- _Data excerpt_:
▬▬▬▬▬▬

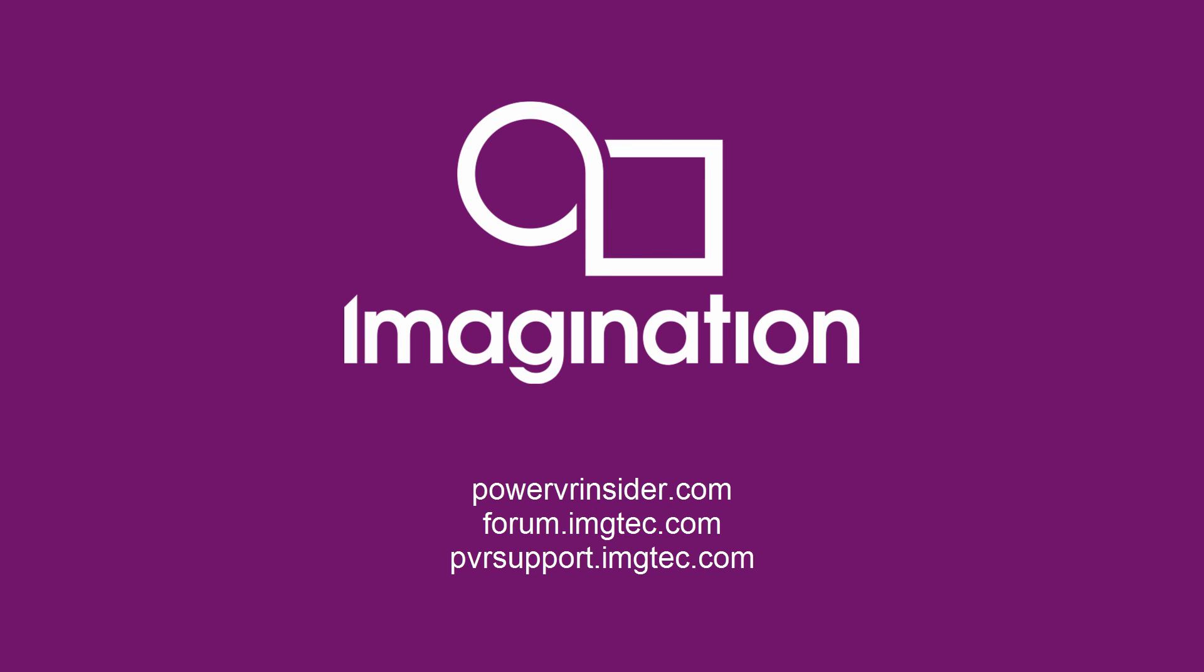If you require assistance when working with one of these utilities, you can get in touch with our support team via pvrsupport.imgtech.com.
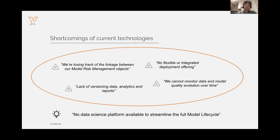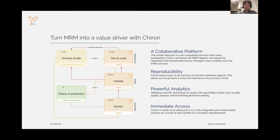Another challenge is keeping track of all the links that exist, because models typically do not operate in isolation — they need data, sometimes feed into other models, and are used to generate documents. In the end, what is needed is another type of data science platform to guarantee all that reproducibility and those links between objects. That's exactly what we have built at Yields.io. We have built a data science platform specifically designed to manage model risk management, and that platform is called Kyren.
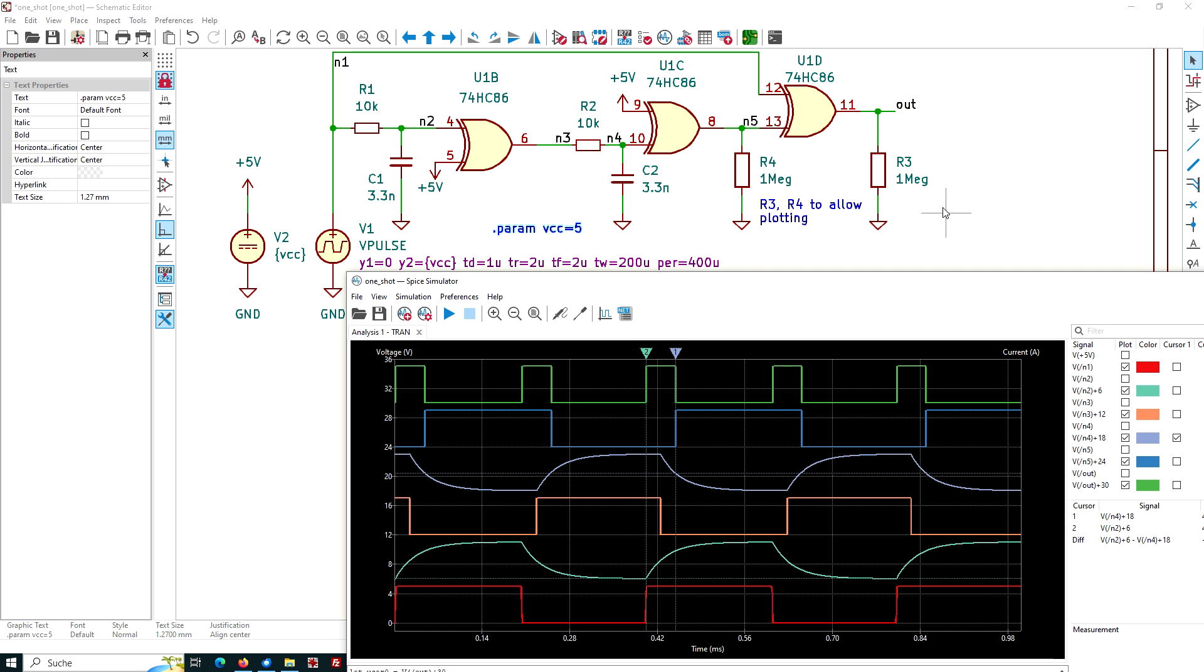The implications of this - what are the implications? The input of such a digital device will switch when the voltage goes below or above Vcc half. So the switching threshold is 2.5 volts in this case.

▬▬▬▬▬▬

Copy exactly the lines that run from the line containing "Another challenge is" to the end of the data, keeping both end lines and dropping every picture.

- _Response below_:
Another challenge is keeping track of all the links that exist, because models typically do not operate in isolation — they need data, sometimes feed into other models, and are used to generate documents. In the end, what is needed is another type of data science platform to guarantee all that reproducibility and those links between objects. That's exactly what we have built at Yields.io. We have built a data science platform specifically designed to manage model risk management, and that platform is called Kyren.
The implications of this - what are the implications? The input of such a digital device will switch when the voltage goes below or above Vcc half. So the switching threshold is 2.5 volts in this case.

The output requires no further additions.